So how is Bores pulling it off?
For progressive groups, the answer lies, at least in part, in Bores’ work on AI.
“He put forward the country’s strongest regulation of the AI industry to protect Americans from those who want no rules and only care about unfettered power and profit,” wrote Our Revolution’s executive director, Joseph Geevarghese, in an endorsement announcement. Geevarghese was referring to the RAISE Act, a state law that Bores introduced to impart transparency and safety regulations on AI models.
As an elected official, Bores is no political outsider, though the 35-year-old’s background in the tech industry differentiates him from fellow frontrunner Lasher, who’s spent decades working for politicians such as Nadler, Gov. Kathy Hochul and Mike Bloomberg, the former mayor.
Bores’ resume includes a nearly five-year stint at the tech company Palantir, starting as a data scientist in 2014 and working his way up to become the U.S. government lead. That gig has complicated how some progressives see Bores, given Palantir’s work with ICE, the Immigration and Customs Enforcement agency that Bores himself has called to abolish. He has repeatedly said that he quit Palantir over its contract with ICE back in 2019, and that he chose “principle over my career and millions of dollars.”
Pundits such as center-left commentator Matthew Yglesias — who has also joined the Bores coalition — say there is a “unique value” to him winning because of his promise to enforce AI regulations and the message that it would send to the anti-regulation PACs that have been spending against him. Yglesias added that Lasher, too, would be “an above-average House member.”
But in a race with little daylight between the two frontrunners — particularly regarding the U.S.-Israel relationship — Bores’ AI focus is setting him apart. And rather than sit out the race due to differences on Israel, a number of progressive groups are backing him anyways.
“I think progressives see something in Alex that is a testament to a resolve he’s going to bring,” said Kasky, who has advocated for policies such as an arms embargo on Israel. “And I think that that is enough for progressive groups to cede ground on the issue of Israel-Palestine, and frankly the issue of Israel and the Middle East region as a whole, which is getting increasingly severe.”

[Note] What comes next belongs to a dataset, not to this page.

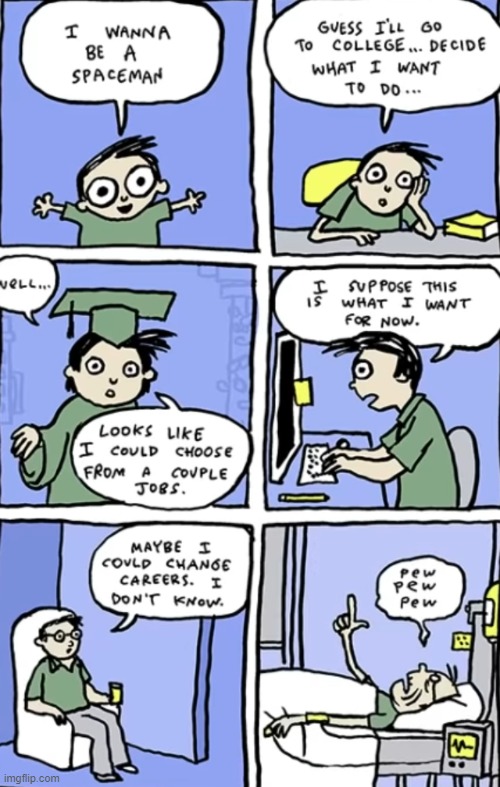 image tagged in comics | made w/ Imgflip meme maker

The makeup of the district itself plays a role as well: As one of the country’s most heavily Jewish districts, NY-12 is seen as less hospitable than other deep-blue districts for a “Squad”-type insurgent candidate. John F. Kennedy’s grandson Jack Schlossberg is the only major candidate who calls for conditioning aid and blocking weapons sales to Israel, but he has dropped in recent polls as he’s faced questions over his lack of experience.
Bores, Lasher and Schlossberg are all listed as “primary approved” candidates by J Street, the liberal pro-Israel organization.

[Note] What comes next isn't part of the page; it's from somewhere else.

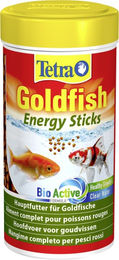 Produktbild von Tetra Goldfish Energy Sticks - 250 ml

Bores has confirmed that Our Revolution asked him about Israel and gave him its endorsement despite not being aligned on the issue. During a candidate forum in May, he said that “we need to make it acceptable for there to be people in progressive spaces that still believe in the right of Israel to exist and to defend itself.”

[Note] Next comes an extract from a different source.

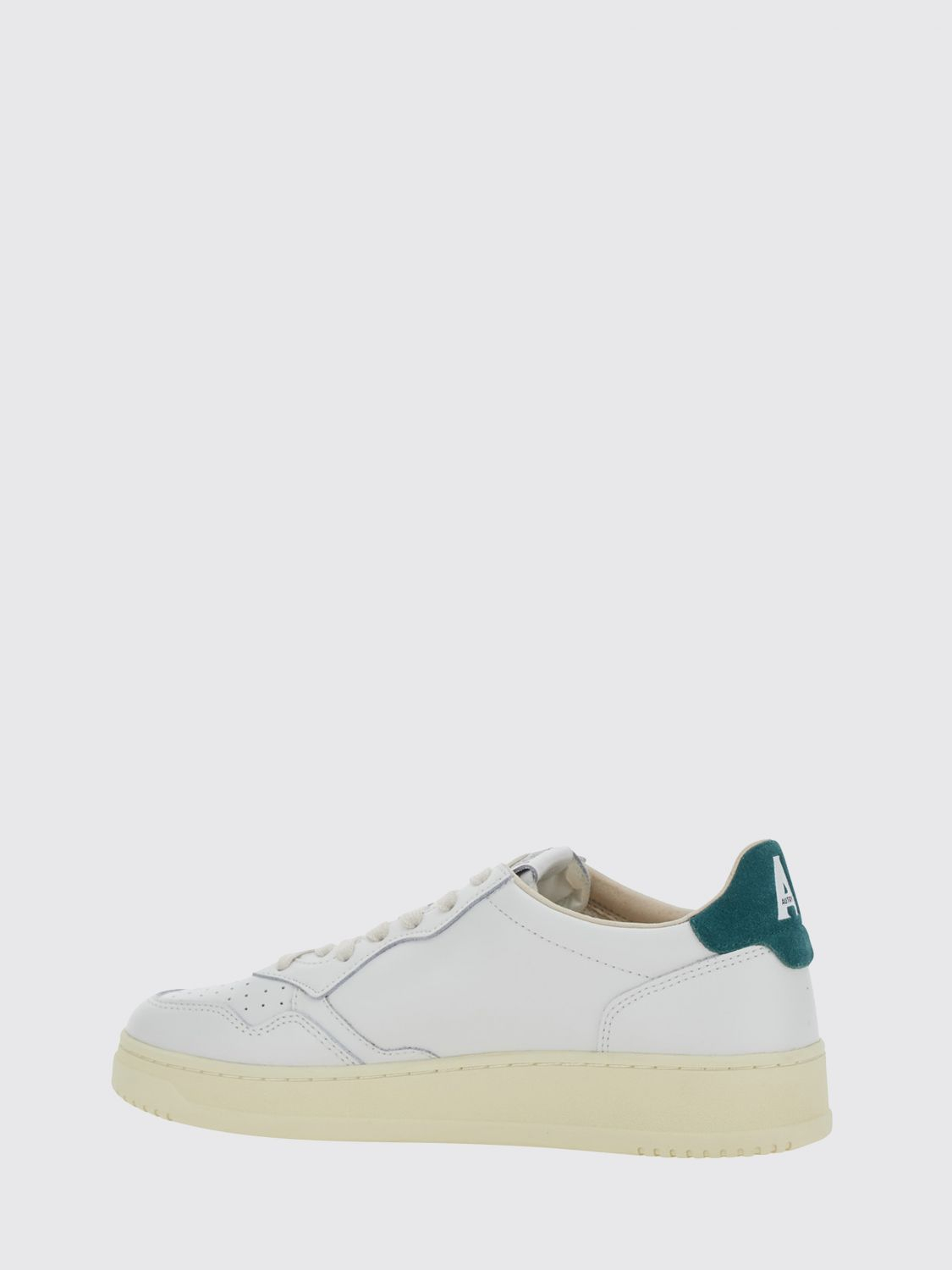 [AUTRY] Sneakers FW26 AULM BJ02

Michael Miller, who was CEO of the Jewish Community Relations Council of New York for 36 years, is endorsing Bores and wrote in a Facebook post that Bores is a “steadfast supporter of Israel as a Jewish and democratic state.”
In an interview, Miller — whom Bores named in a recent Temple Emanu-El forum as a Jewish American that he admires — said he felt assured that Bores’ support from groups such as Our Revolution had mostly to do with his AI work.
“The fact that he’s receiving support from a coalition that includes decidedly left-wing supporters doesn’t trouble me for as long as the issues of central concern to me — antisemitism and support for Israel — are those issues where he has given his support, and with which he has identified,” Miller said.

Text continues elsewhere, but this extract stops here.